Rn 9

Weiter müssen Eintritt oder Umfang des Schadens kausal auf der Verletzung einer Pflicht oder Obliegenheit beruhen. Das ergibt sich schon aus dem Wort ›Mitwirkung‹. Es muss also zB die Trunkenheit des Fahrers für den Unfall ursächlich geworden sein (BGH VersR 60, 479) oder ein Verstoß gegen die Anschnallpflicht verletzungsfördernden Charakter gehabt haben (BGH NJW 12, 2027 [BGH 28.02.2012 - VI ZR 10/11]). Auch das Fehlen der Fahrerlaubnis (s BGH NJW 07, 506 [BGH 21.11.2006 - VI ZR 115/05] Tz 18) ist nicht per se anspruchsmindernd zu berücksichtigen, wenn gerade nicht klar ist, dass es kausal für den Unfall war (dass der Unfallgegner ohne Fahrerlaubnis an sich gar nicht hätte fahren dürfen und schon deshalb den Unfall nicht verursacht hätte, ist nach dem BGH irrelevant); hierfür soll nicht einmal ein Anscheinsbeweis streiten (aaO Tz 19). Adäquanz (§ 249 Rn 52) ist schon deshalb nötig, weil die Mitwirkungsanteile nach der Wahrscheinlichkeit des Umstandes für das Schadensereignis gewichtet werden (u.
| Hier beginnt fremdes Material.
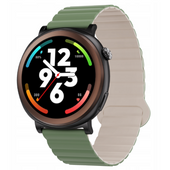 Nuovo Smartwatch GlacierX Theron Black + Cinturino GX-T248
Rn 34 f): Wo diese nur ganz geringfügig ist, bleibt der Umstand also außer Betracht.

 

Rn 10

Zudem muss der Schutzzweck der verletzten Obliegenheit betroffen sein. So soll der Schadensersatzanspruch eines Unfallverletzten gegen den ihn fehlerhaft behandelnden Arzt nicht deshalb gemindert werden, weil der Verletzte den Unfall selbst verschuldet hatte: ›Es macht für das Rechtsverhältnis zwischen Arzt und Patient keinen Unterschied, ob der Patient durch eigene Schuld behandlungsbedürftig geworden ist oder nicht‹ (BGH NJW 72, 334, 335 [BGH 21.09.1971 - VI ZR 122/70]). Ähnl darf sich der Abschleppunternehmer nicht auf das Verschulden des Abzuschleppenden bei dessen Falschparken berufen (BGH NJW 78, 2502, 2504 [BGH 11.07.1978 - VI ZR 138/76]). Wer die Behandlung oder Behütung eines Suizidgefährdeten übernimmt, kann nicht ein Mitverschulden des Gefährdeten an einem Suizidversuch geltend machen (BGHZ 96, 98, 101). Wer aus der Verletzung einer Beratungspflicht haftet, kann idR nichts daraus herleiten, dass der zu Beratende selbst das Richtige hätte erkennen können (BGH NJW 04, 1868, 1870 [BGH 13.01.2004 - XI ZR 355/02]).

 

Rn 11

Fraglich ist, ob es auf die zeitliche Reihenfolge zwischen der Schädigung und der für § 254 maßgeblichen Mitwirkung ankommt. Nach BGH ZIP 90, 315, 318 soll ggü einem Anspruch auf Schadensersatz wegen Nichterfüllung einer Vertragspflicht nur ein Verhalten relevant sein, das dem Vertragsschluss zeitlich nachfolgt. Das dürfte aber zumindest nicht allg zutreffen: Schadensvermeidende Obliegenheiten können ebenso wie Schutzpflichten schon im Verhandlungsstadium bestehen (vgl § 311 II).